Pas de cage, donc, mais de terribles conditions de détention. Jeanne est attachée par une longue chaîne à une poutre.

L'huissier Massieu note :

« Elle demeura en garde audit lieu entre les mains de cinq Anglais, dont trois demeuraient de nuit en la chambre, et deux dehors, à l’huis de la dite chambre. Et celui qui parle sait de certain, que de nuit elle était couchée, ferrée par les jambes de deux paires de fers à chaîne, et attachée étroitement d’une chaîne traversante par les pieds de son lit, tenante à une grosse pièce de bois de longueur de six pieds, et fermante à clef ; par quoi ne pouvait mouvoir de la place. »

« Les Anglais craignaient beaucoup qu'elle ne s'échappât »... Ils ne la laissent donc déambuler qu'accompagnée de trois gardes.

Les houspilleurs

Cinq hommes, des houspilleurs, sont chargés de la surveiller jour et nuit :

  • trois dans sa chambre, pendant la nuit ;
  • deux le jour, hors de la prison.

Ce ne sont que des ramassis de voleurs et d'escrocs de la pire espèce !

Ils la harcèlent, l'humilient, la réveillent la nuit pour l’insulter, lui font subir les pires choses.

L'huissier Massieu les qualifie

« d’hommes du plus misérable aspect, en français houcepailliers, qui la gardaient, et ils désiraient beaucoup la mort de Jeanne, et se moquaient d’elle fort souvent. »

Un autre greffier dit :

« Elle avait pour gardiens des Anglais dont elle se plaignit maintes fois, disant qu’ils la tourmentaient et la maltraitaient beaucoup. »

Une prison de femmes aurait été mieux !

Dès son arrivée le 25 décembre 1430, Anne de Bourgogne, l’épouse du régent du royaume de France Bedford, ordonne que Jeanne soit traitée comme une honnête femme. Elle défend qu’on la touche.

Elle lui fait faire une robe à Rouen, pour remplacer ses habits d’homme.

Hé oui ! Jeanne d’Arc aurait dû être emprisonnée dans les prisons de l’Église, car elle va subir un procès ecclésiastique.

Mais malgré ses nombreuses demandes, on la laisse dans une prison laïque, celle du château.

On lui refuse même une prison tenue par des femmes : oui, à Rouen, il y avait des prisons spéciales de la cour ecclésiastique de Rouen, pour femmes et tenues par des femmes !

Au lieu de ça, on la laisse à la merci des soudards anglais...

Indigestion de harengs !

Jeanne tombe gravement malade en prison.

Les Anglais ont peur qu’elle ne meurt... alors, ils envoient le médecin Jean Tiphaine.

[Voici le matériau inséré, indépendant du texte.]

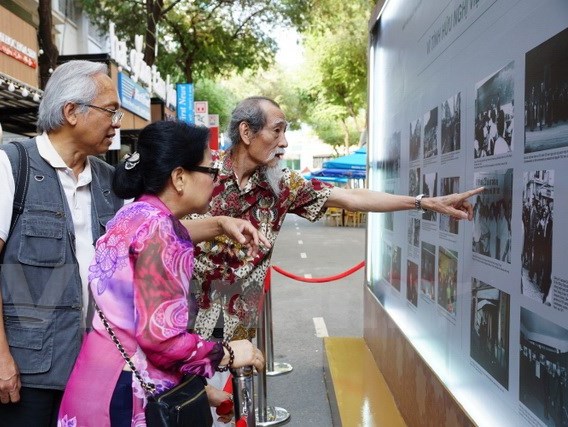 Giới thiệu một góc nhìn về người Việt Nam ở Pháp qua 100 bức ảnh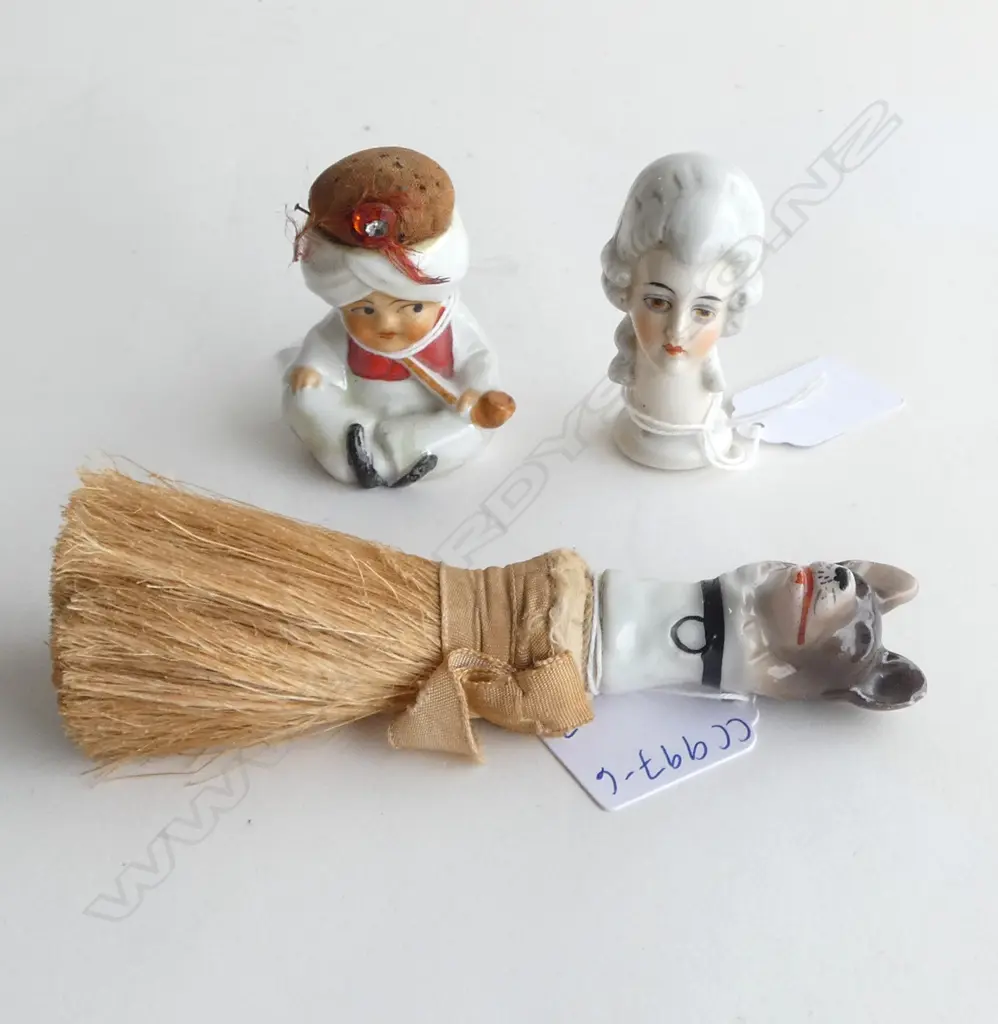 3 CERAMIC NOVELTIES: HALF DOLL, BRUSH w. FOX HEAD, PIN CUSHION, H.60mm Image 1++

Jeanne lui dit que l’évêque de Beauvais lui a envoyé une carpe qu’elle a mangée. Elle pense que son malaise vient de là.

Le grossier chanoine de Beauvais, Jean d’Estivet, promoteur de son procès, l’insulte. Il l’accuse de s’être elle-même rendue malade, en mangeant trop de harengs !

On la saigne, Jeanne se rétablit. Le comte de Warwick, capitaine du château de Rouen, interdit à d’Estivet de l’insulter à nouveau : il faut la ménager, pour qu’elle tienne jusqu’au bûcher !

En précisant que le roi anglais l’avait achetée suffisamment cher...

Loiseleur, le faux frère !

Un certain « maître Nicolas Loiseleur » (du côté des Anglais), envoyé par l'évêque Cauchon, se fait passer auprès de Jeanne pour un Lorrain lui aussi prisonnier :

« Et par ce moyen, trouva manière d’avoir actes, parlement et familiarités avec la Pucelle, en lui disant des nouvelles du pays, à lui plaisantes ; et demanda être son confesseur ; et ce qu’elle lui disait en secret, il trouvait manière de le faire venir à l’ouïe des notaires. »

En fait, ce Loiseleur est membre du tribunal, bachelier en théologie et chanoine de la cathédrale de Rouen.

Pratique, pour tirer des confidences pouvant compromettre Jeanne auprès des juges !

Conclusion

Jeanne d’Arc reste enfermée au château de Rouen entre le 25 décembre 1430 et le 30 mai 1431, jour de sa mort sur le bûcher, place du Vieux-Marché, à Rouen.

Sources

  • Victor Canet. Jeanne d’Arc. 1890.
  • Marcel Poullin. Histoire de Jeanne d’Arc. 1888.
  • François Bouquet. Jeanne d’Arc au château de Rouen. 1865.